Singlet oxygen (¹O₂) generation has attracted attention for the selective degradation of contaminants in the Fenton-like reaction. However, it is still a challenge to improve the catalytic activity for ¹O₂ generation via the H₂O₂-based Fenton-like reaction because of the symmetry structure of H₂O₂. Metal-organic frameworks (MOFs) are usually reported as catalysts in the Fenton-like reaction with metal atoms as the active sites. Nevertheless, the contribution of the ligand to the catalytic activity is always overlooked. Herein, two-dimensional (2D) MOFs (Fe/Co as the metal node, terephthalic acid/amino-terephthalic acid as the ligand) were synthesized as catalysts to activate H₂O₂, in which the amino-terephthalic acid displays catalytic activity to activate H₂O₂ for ¹O₂ generation under neutral and alkaline conditions as firstly reported. The experimental results indicated that an O-H bond in H₂O₂ was broken at the catalyst surface instead of the conventional O-O bond. Moreover, density functional theory (DFT) calculation further illustrated that a hydrogen bonding (NꞏꞏꞏH) formation between -NH₂ and H₂O₂ affected the electronic configuration of the adjacent C, resulting in the electron transfer accelerated and the catalytic activity improved for the ¹O₂ generation.
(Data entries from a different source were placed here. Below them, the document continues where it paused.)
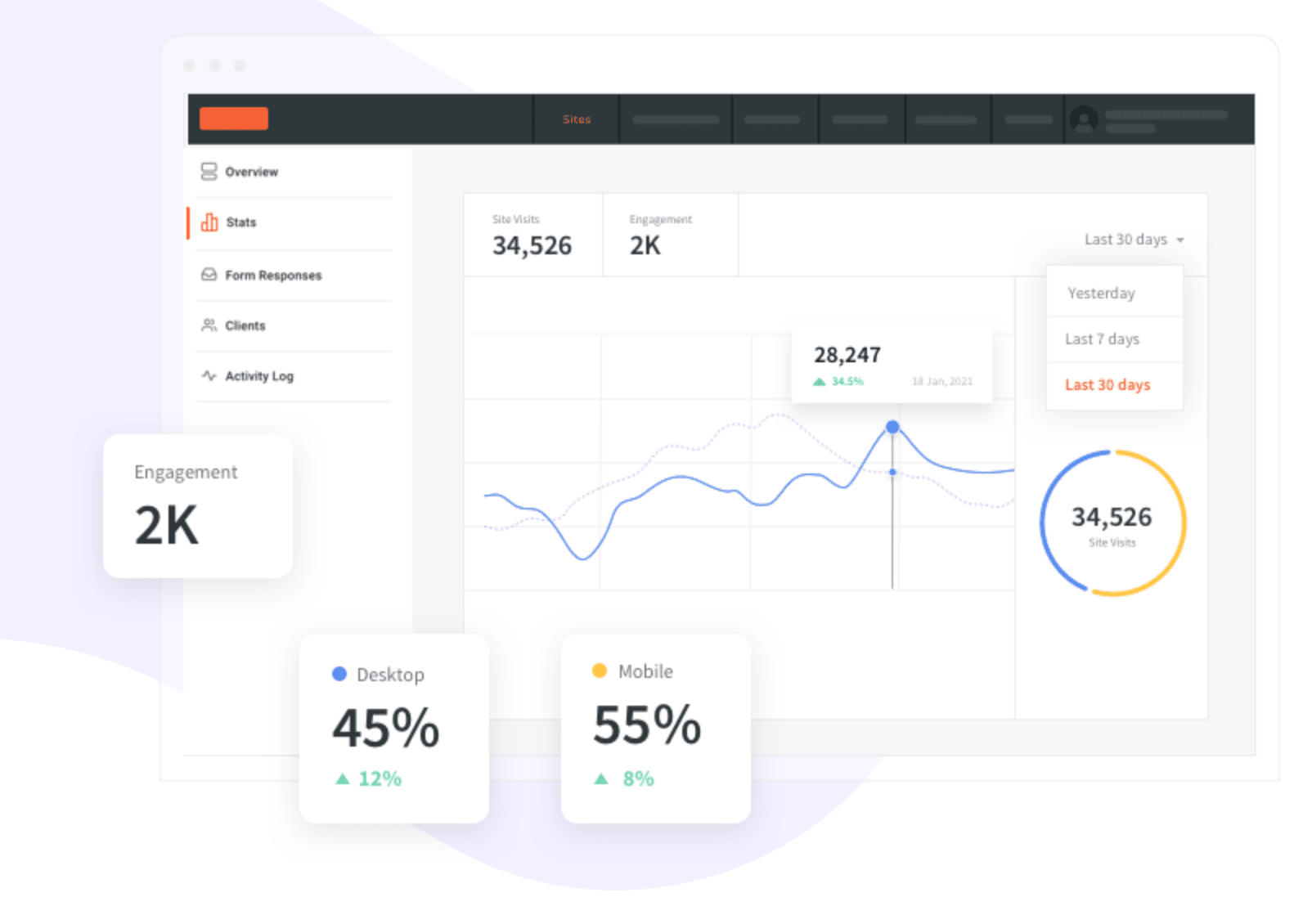 Ecommerce for medical practice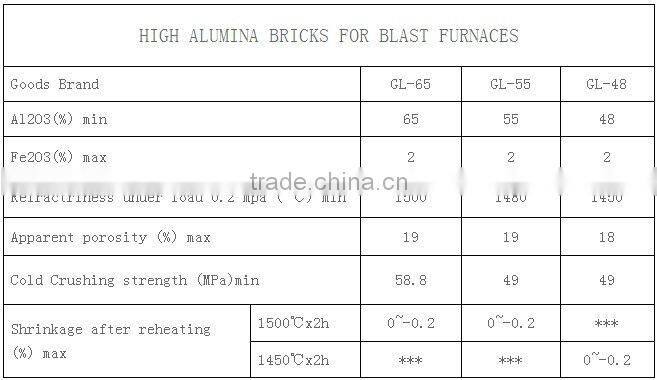 High Alumina Refractory Bricks GL-65/GL-55/GL-48
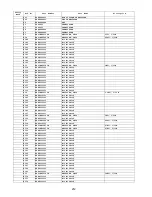 Preview for 212 page of Panasonic DP-3000 Technical Manual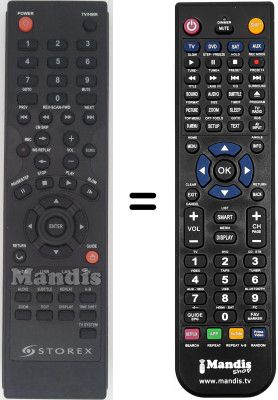 Comandos &agrave; dist&acirc;ncia equivalente DEVO FREEWIRE H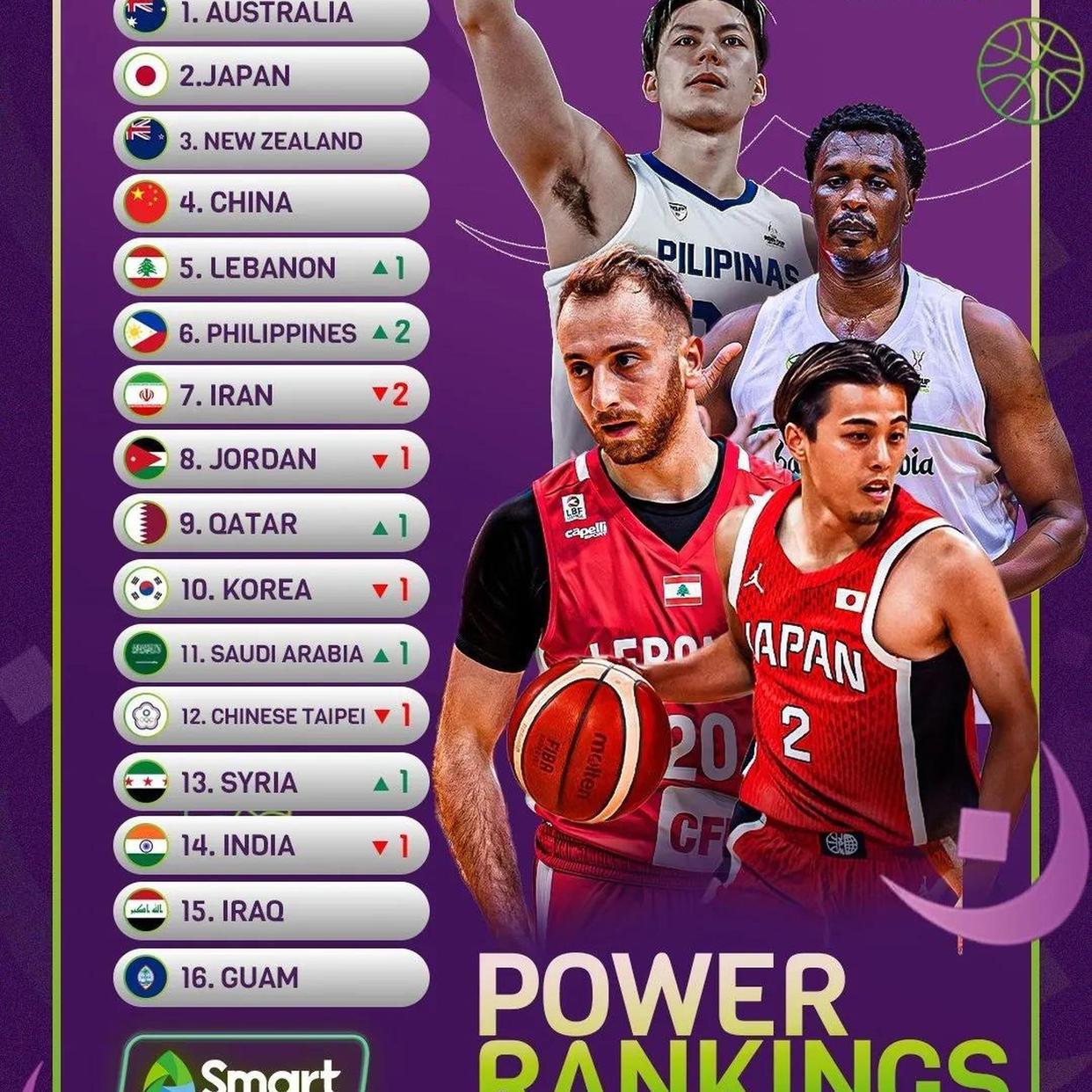 包含集结日欧篮联传出新动向，波士顿凯尔特人遗憾出局，管理层表态——悬念犹存，数据趋势出现新变化的词条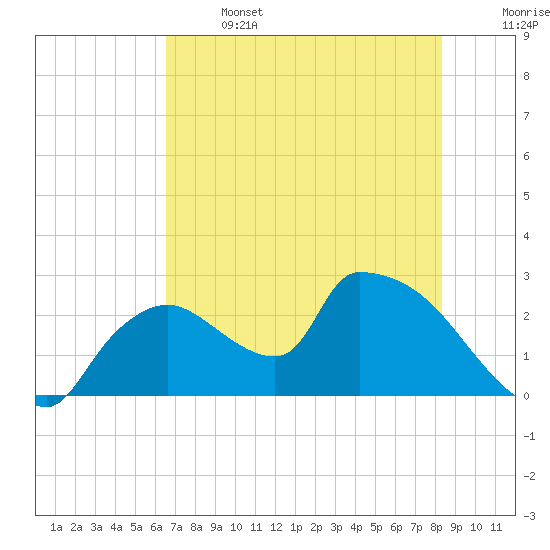 Everglades City tide chart for Saturday, June 14, 2025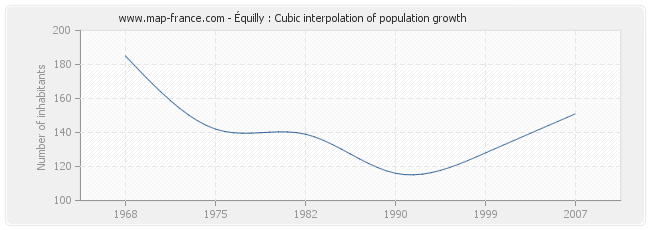 Équilly : Cubic interpolation of population growth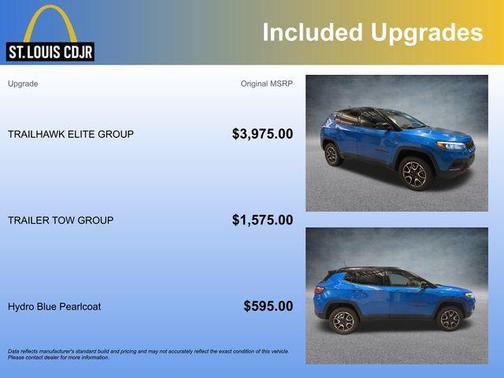 2024 Jeep Compass Trailhawk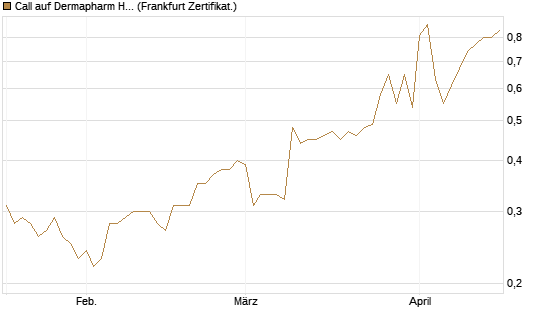 Call auf Dermapharm Holding [Société Générale Effekten GmbH] Chart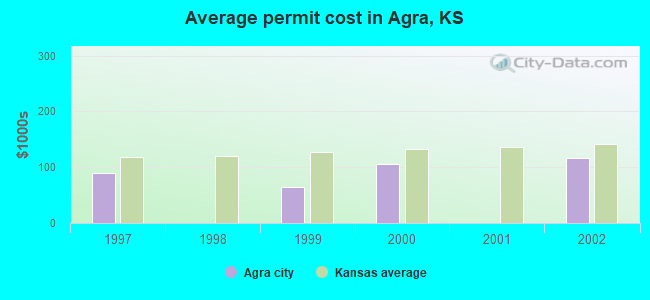 Average permit cost in Agra, KS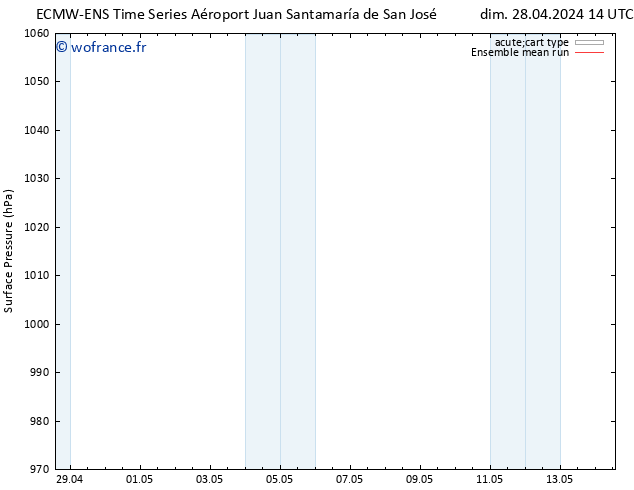 pression de l'air ECMWFTS sam 04.05.2024 14 UTC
The contribution of ¹O₂ reached about 93 %. The degradation pathway for methylene blue (MB) was proposed according to the mass spectrometry and DFT calculation, following a non-radical pathway with the majority of intermediates being non-toxic. This study supplied a strategy for the catalyst synthesis and ¹O₂ selective generation in the H₂O₂-based Fenton-like reaction.